Analyzing Results

Objectives

  • Understand the output files and metrics

  • Interpret training curves: healthy convergence, warning signs, early stopping

  • Interpret OOD evaluation results across all 6 models

  • Understand why validation MAE can be misleading (Val-OOD gap)

  • Compare teacher vs student vs baselines performance

  • Interpret ablation study results (architecture + hyperparameter)

  • Analyze learned physics parameters

  • Reproduce the model from its 12 parameters

Output Files

After training, the results/ directory contains:

File

Description

results.json

Full results with metrics and learned parameters

best_teacher.pt

Best teacher model checkpoint

best_student_alpha0.1.pt

Best student model checkpoint

ablation/

Per-experiment ablation results (if run)

Key Metrics

MAE (Mean Absolute Error) in mV

The primary metric is MAE in millivolts:

  • Val MAE: Performance on validation data (keep-out region: 76-80C)

  • Test2 MAE: OOD performance on current sweep data

  • Test3 MAE: OOD performance on pressure swap data

  • OOD Average: (Test2 + Test3) / 2 – the main comparison metric

Expected Results (All 6 Models)

Rank

Model

Params

Val MAE

Test2

Test3

OOD Avg

1

Distilled Student

12

~14 mV

~15 mV

~16 mV

~15 mV

2

Teacher

~9K

~14 mV

~43 mV

~14 mV

~28 mV

3

Pure Physics

12

~25 mV

~18 mV

~23 mV

~20 mV

4

PureMLP

~2K

~13 mV

~45 mV

~38 mV

~42 mV

5

BigMLP

~50K

~12 mV

~52 mV

~42 mV

~47 mV

6

Transformer

~50K

~10 mV

~68 mV

~55 mV

~62 mV
OOD performance bar chart and parameters vs performance

Left: Out-of-distribution MAE comparison (lower is better).

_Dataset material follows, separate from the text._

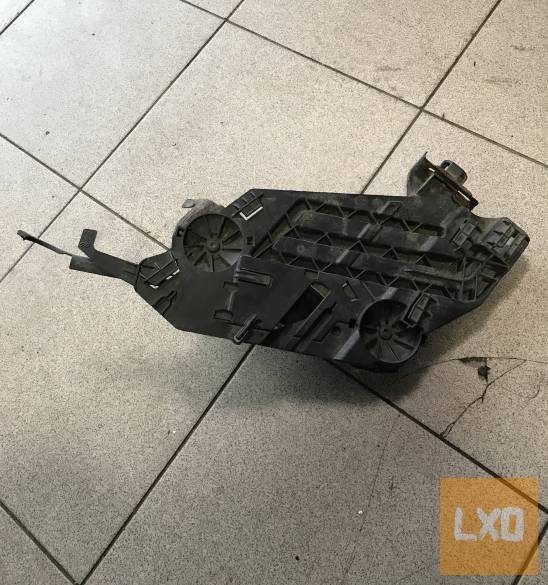 SKODA OCTAVIA II FL / bal fényszóró + tartó apróhirdetés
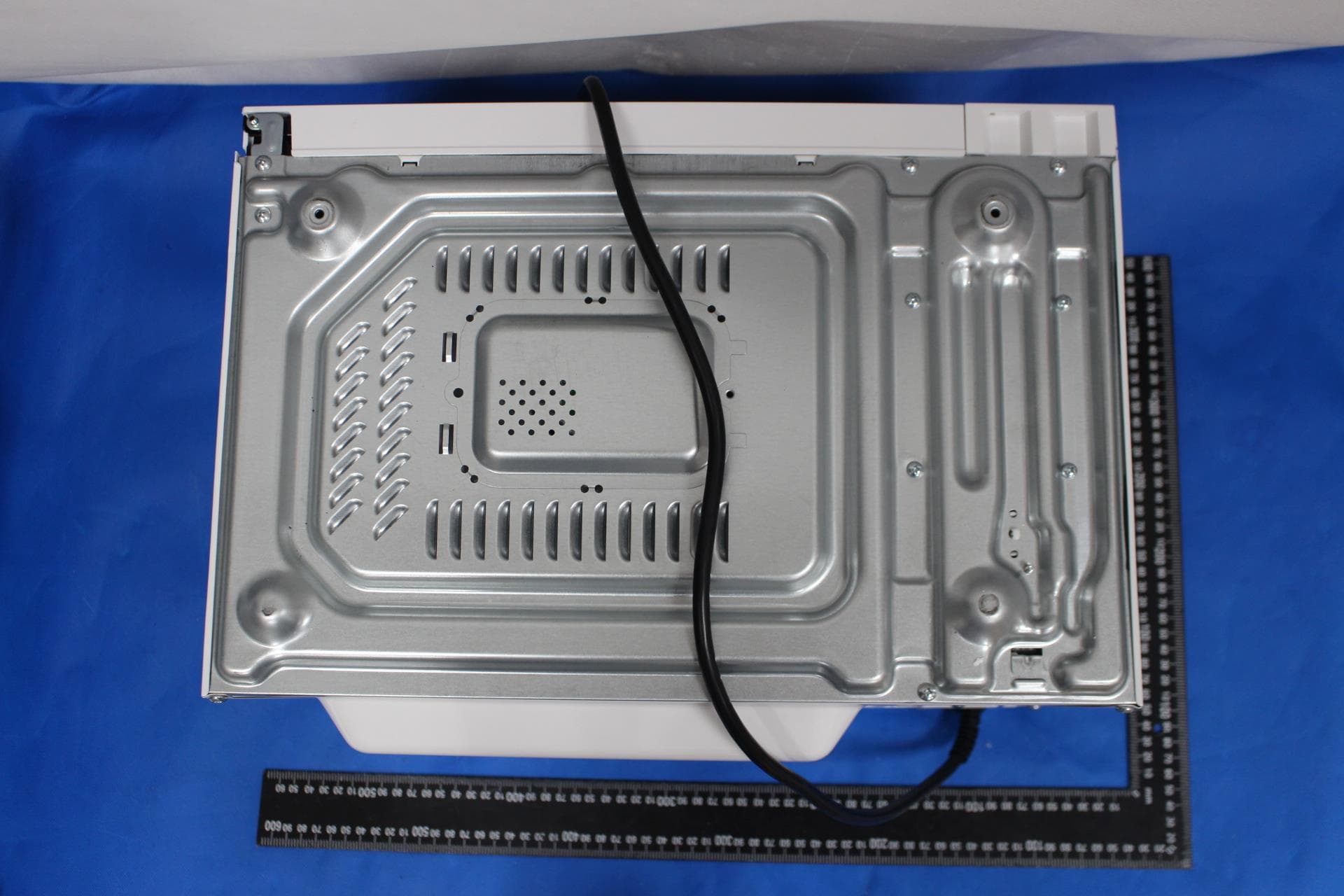 Microwave Oven - FCC ID UHW9023010 - Guangdong Galanz Enterprises Co., Ltd. (3)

The 12-parameter student (17 mV) beats all neural networks including the 100K-parameter Transformer (45 mV). Right: Parameters vs OOD performance — the student occupies the ideal lower-left corner.

Complete model comparison summary

Complete model comparison summary with all metrics. The 12-parameter student wins on OOD generalization (16.7 mV), outperforming the 8,961-parameter Pure MLP by 2.6x.

Key insights:

  • More parameters does NOT mean better OOD: The Transformer (50K params) has the best validation MAE but the worst OOD performance

  • Physics constraints beat raw capacity: The 12-param student beats all 50K-param baselines on OOD

  • Distillation helps: The distilled student (alpha=0.1) outperforms the pure physics model (alpha=1.0) by 5-10 mV on OOD

  • Validation MAE is misleading: Low validation MAE does not predict OOD performance; OOD Average is the correct metric

Interpreting Training Curves

Training loss and validation MAE curves

Teacher training curves: (Left) MSE loss decreasing smoothly. (Right) Validation MAE converging to 13.85 mV with the best epoch marked by the dashed red line.

Healthy Teacher Training

A well-trained teacher shows:

  • Rapid initial improvement: Loss drops sharply in the first 10-20 epochs

  • Plateau and convergence: Loss stabilizes, validation MAE reaches ~13-15 mV

  • Early stopping: Typically triggers at epoch ~17-30 (training runs 30 more epochs after best, then stops)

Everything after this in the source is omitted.